Problem description. Using the data that follows, give again word for word the lines between the one holding "GBB-F-006023-0000 - 1890" and the one holding "Combiné de semis © AdobeStock_Dusan Kostic", inclusive. Omit the pictures.

Data for review.
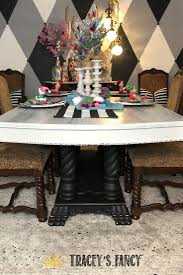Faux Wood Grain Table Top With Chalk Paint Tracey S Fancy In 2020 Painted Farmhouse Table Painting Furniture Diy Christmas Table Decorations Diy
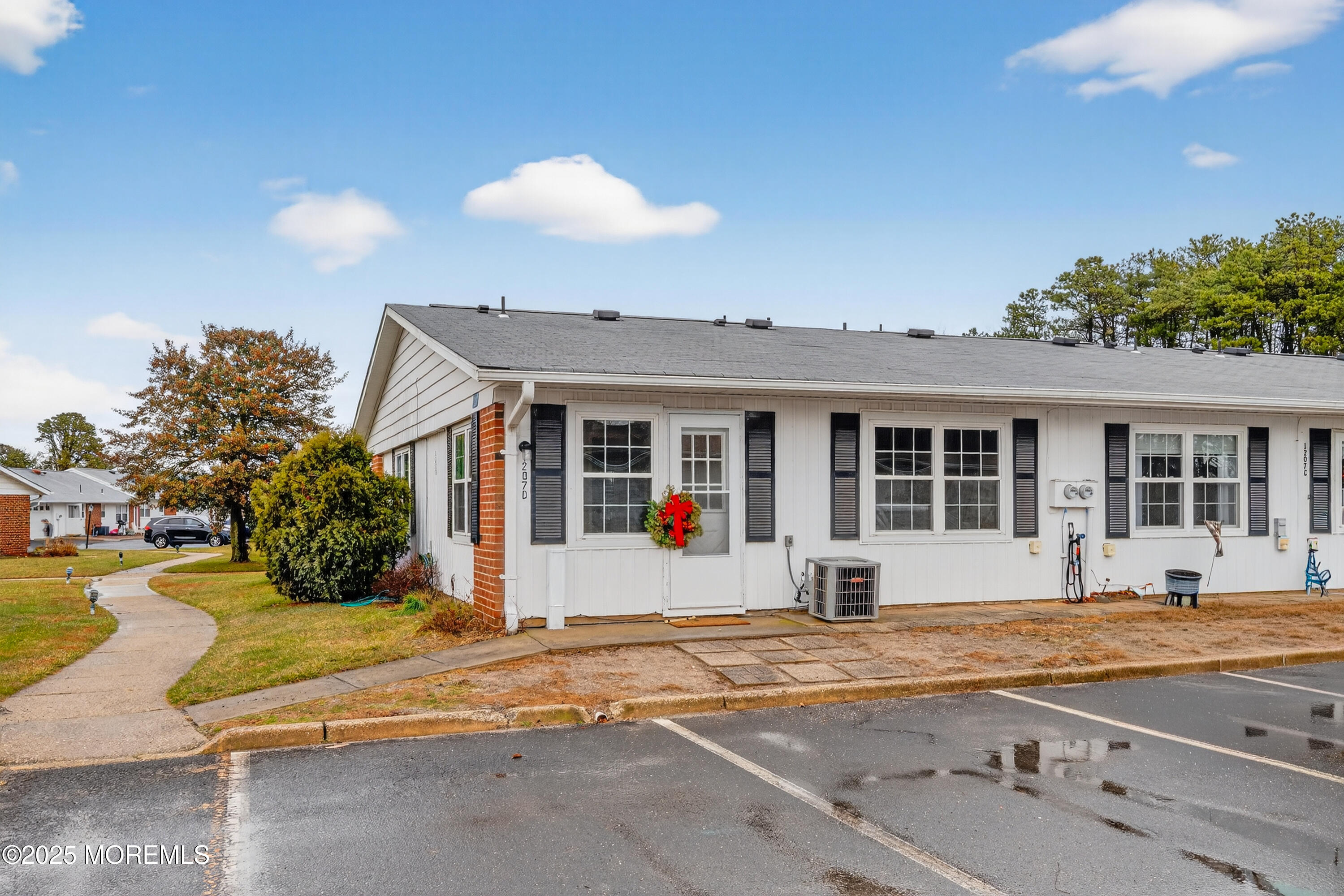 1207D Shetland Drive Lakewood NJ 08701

==

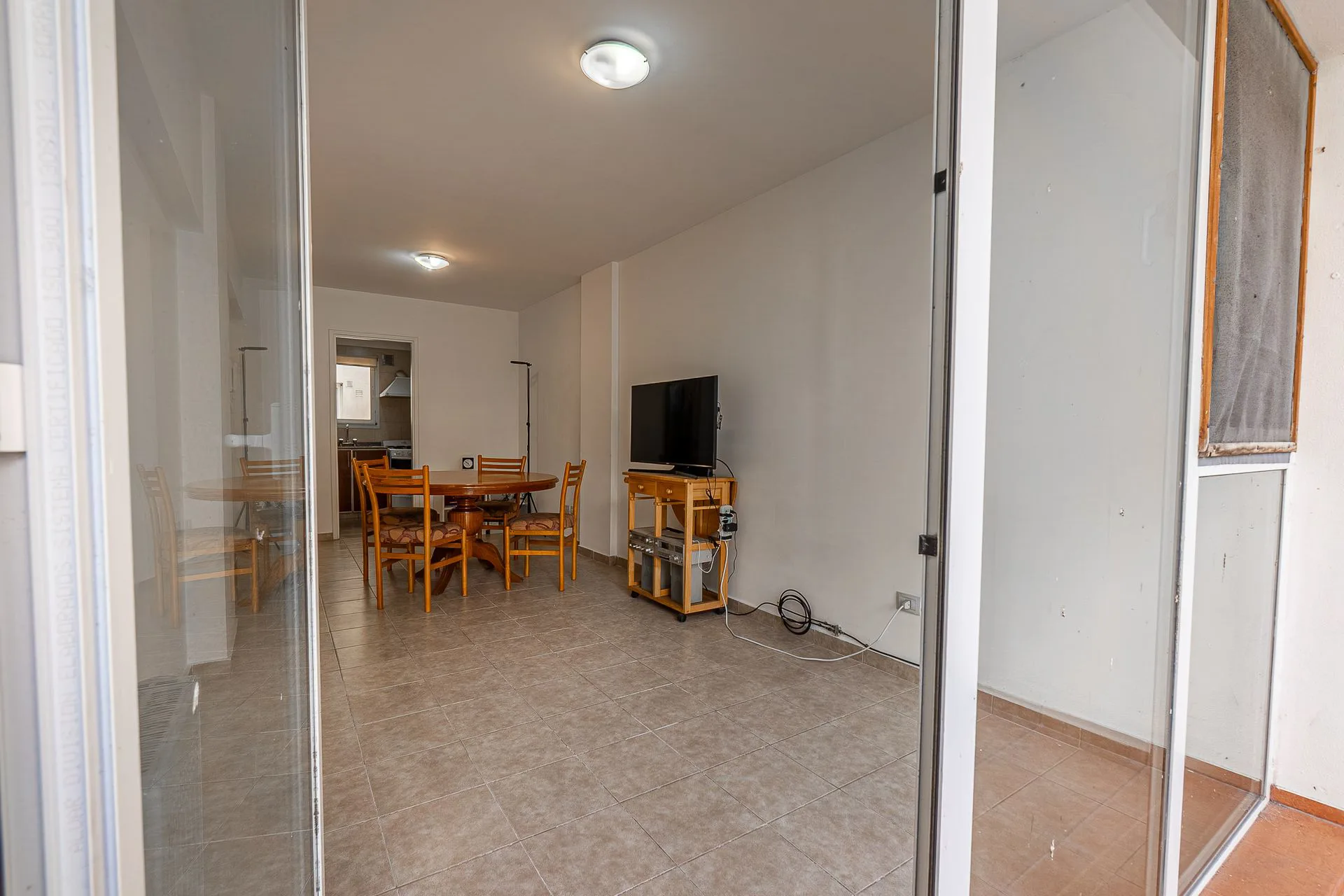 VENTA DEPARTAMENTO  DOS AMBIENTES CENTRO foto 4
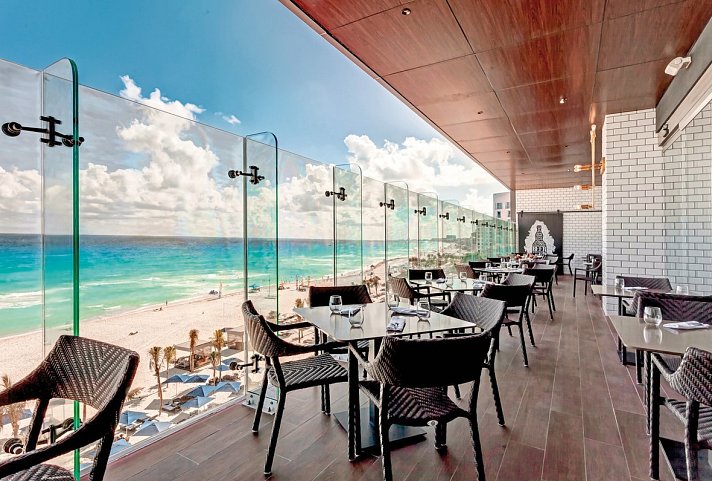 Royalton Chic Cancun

--

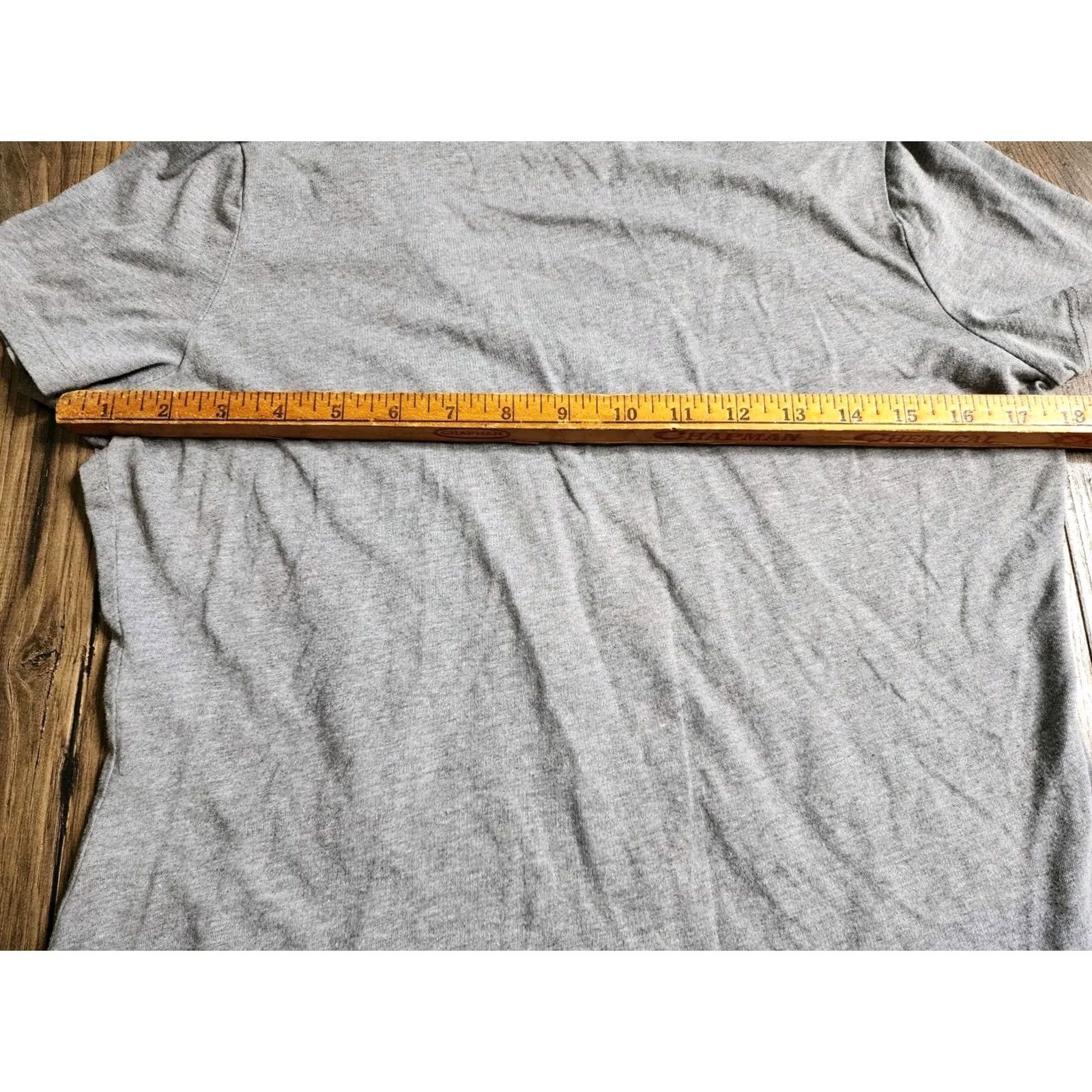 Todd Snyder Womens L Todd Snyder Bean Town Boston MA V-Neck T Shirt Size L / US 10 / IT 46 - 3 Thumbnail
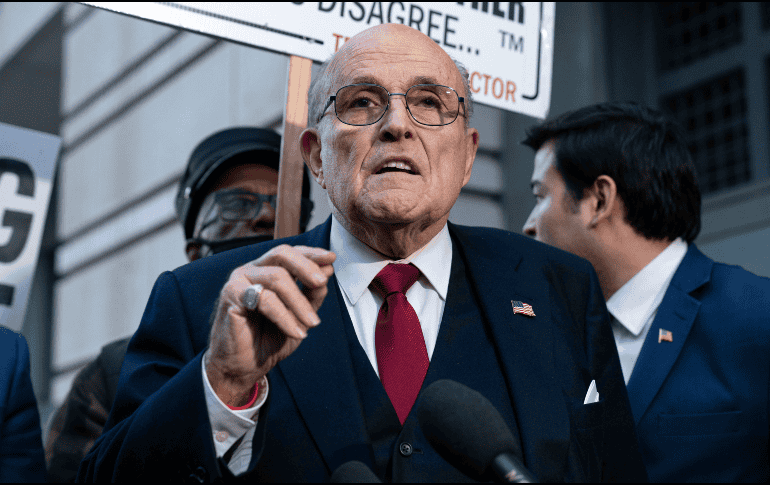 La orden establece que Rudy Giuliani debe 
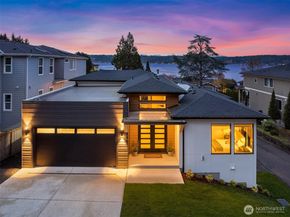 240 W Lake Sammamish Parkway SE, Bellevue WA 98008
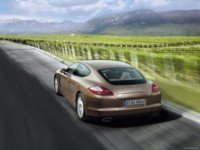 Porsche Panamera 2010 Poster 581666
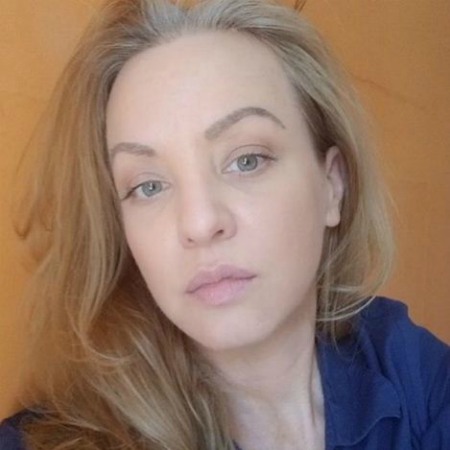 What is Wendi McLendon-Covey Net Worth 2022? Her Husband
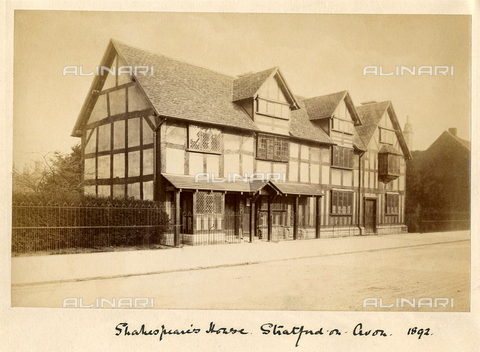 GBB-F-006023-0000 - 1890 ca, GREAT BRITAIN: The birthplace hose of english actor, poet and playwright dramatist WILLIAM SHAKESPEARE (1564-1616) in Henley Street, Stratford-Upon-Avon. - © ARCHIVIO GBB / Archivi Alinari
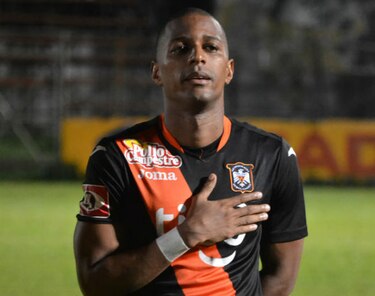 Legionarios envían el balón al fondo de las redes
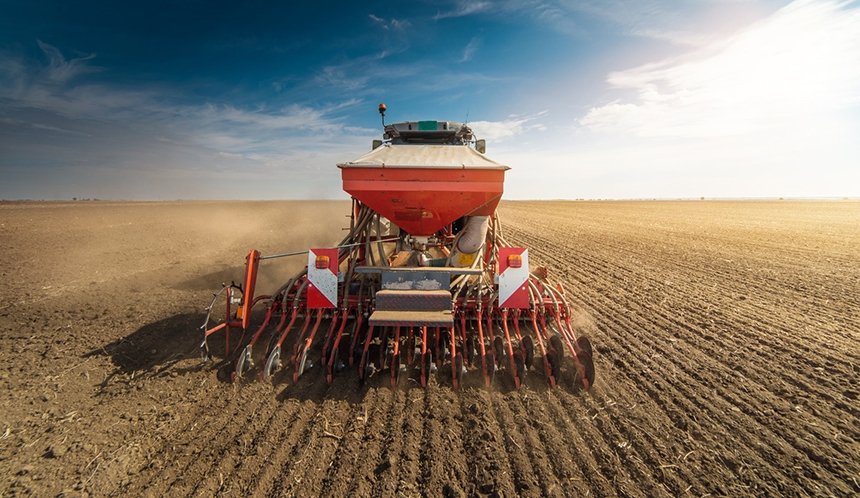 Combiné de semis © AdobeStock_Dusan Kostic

Written solution.
 GBB-F-006023-0000 - 1890 ca, GREAT BRITAIN: The birthplace hose of english actor, poet and playwright dramatist WILLIAM SHAKESPEARE (1564-1616) in Henley Street, Stratford-Upon-Avon. - © ARCHIVIO GBB / Archivi Alinari
 Legionarios envían el balón al fondo de las redes
 Combiné de semis © AdobeStock_Dusan Kostic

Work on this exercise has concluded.